» Work request: Nothing but the lines below from the one holding "Gian Pieretti - Bla" up to and including the one holding "KODZ X BLIZZARD" should be copied, exactly and without pictures.

(Extracted material)

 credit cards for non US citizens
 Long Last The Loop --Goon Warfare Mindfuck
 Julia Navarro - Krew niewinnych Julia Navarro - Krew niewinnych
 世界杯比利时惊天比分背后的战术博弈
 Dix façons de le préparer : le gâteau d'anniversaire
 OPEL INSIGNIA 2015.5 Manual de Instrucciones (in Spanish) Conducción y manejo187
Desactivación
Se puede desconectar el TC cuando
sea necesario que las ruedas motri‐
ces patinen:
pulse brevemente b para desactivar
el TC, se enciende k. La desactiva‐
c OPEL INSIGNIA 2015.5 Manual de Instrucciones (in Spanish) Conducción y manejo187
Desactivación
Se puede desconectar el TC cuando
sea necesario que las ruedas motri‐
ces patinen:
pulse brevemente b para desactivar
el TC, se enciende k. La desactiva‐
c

(End Extracted material)
(Extracted material)

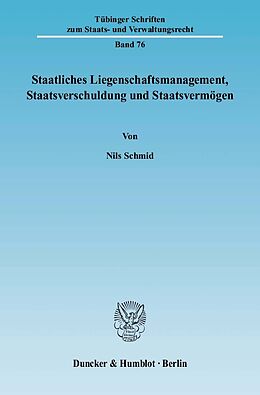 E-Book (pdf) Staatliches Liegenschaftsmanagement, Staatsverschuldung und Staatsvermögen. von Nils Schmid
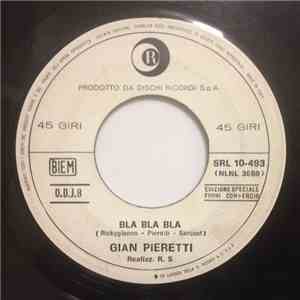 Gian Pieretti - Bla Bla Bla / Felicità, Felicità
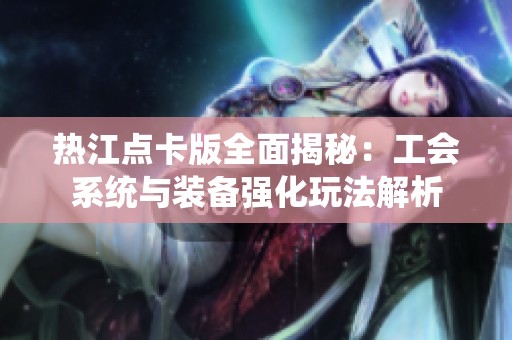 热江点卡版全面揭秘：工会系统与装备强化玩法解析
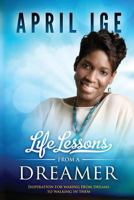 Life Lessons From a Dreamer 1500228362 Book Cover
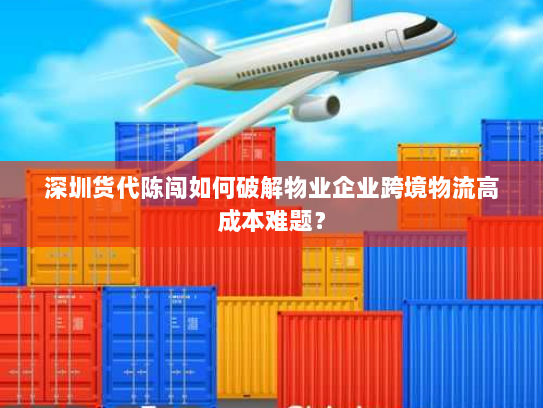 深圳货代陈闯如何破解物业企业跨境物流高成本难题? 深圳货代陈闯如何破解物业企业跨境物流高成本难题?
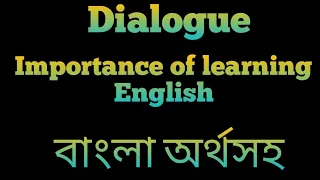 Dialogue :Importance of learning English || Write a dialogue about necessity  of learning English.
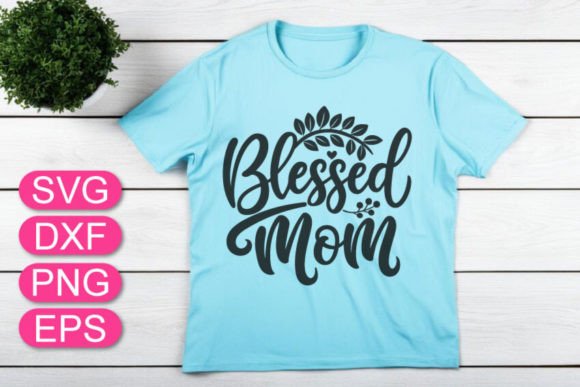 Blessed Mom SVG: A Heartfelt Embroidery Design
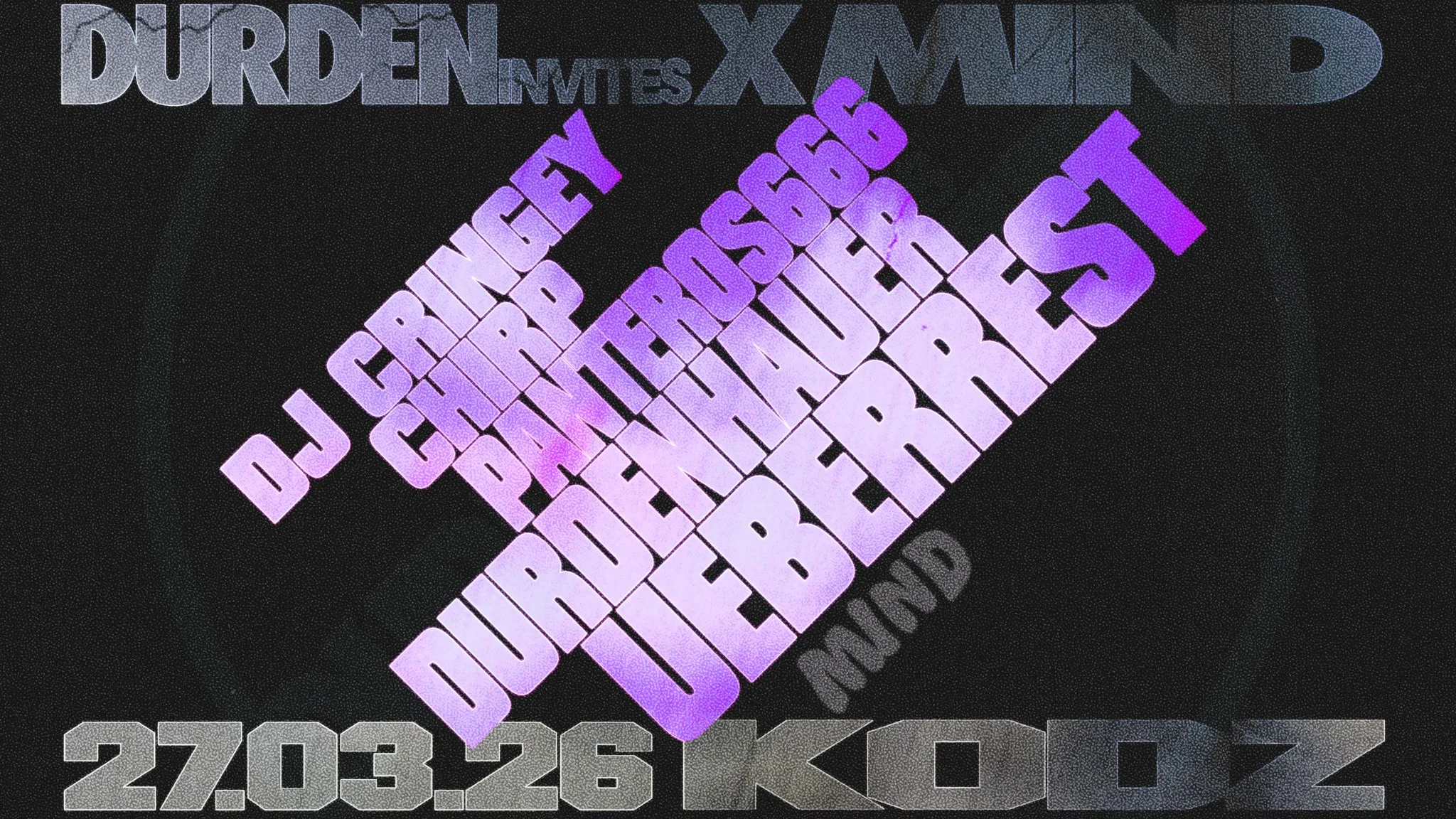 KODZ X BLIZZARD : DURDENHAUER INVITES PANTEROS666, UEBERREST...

(End Extracted material)

» Result for this task:
 Gian Pieretti - Bla Bla Bla / Felicità, Felicità
 热江点卡版全面揭秘：工会系统与装备强化玩法解析
 Life Lessons From a Dreamer 1500228362 Book Cover
 深圳货代陈闯如何破解物业企业跨境物流高成本难题? 深圳货代陈闯如何破解物业企业跨境物流高成本难题?
 Dialogue :Importance of learning English || Write a dialogue about necessity  of learning English.
 Blessed Mom SVG: A Heartfelt Embroidery Design
 KODZ X BLIZZARD : DURDENHAUER INVITES PANTEROS666, UEBERREST...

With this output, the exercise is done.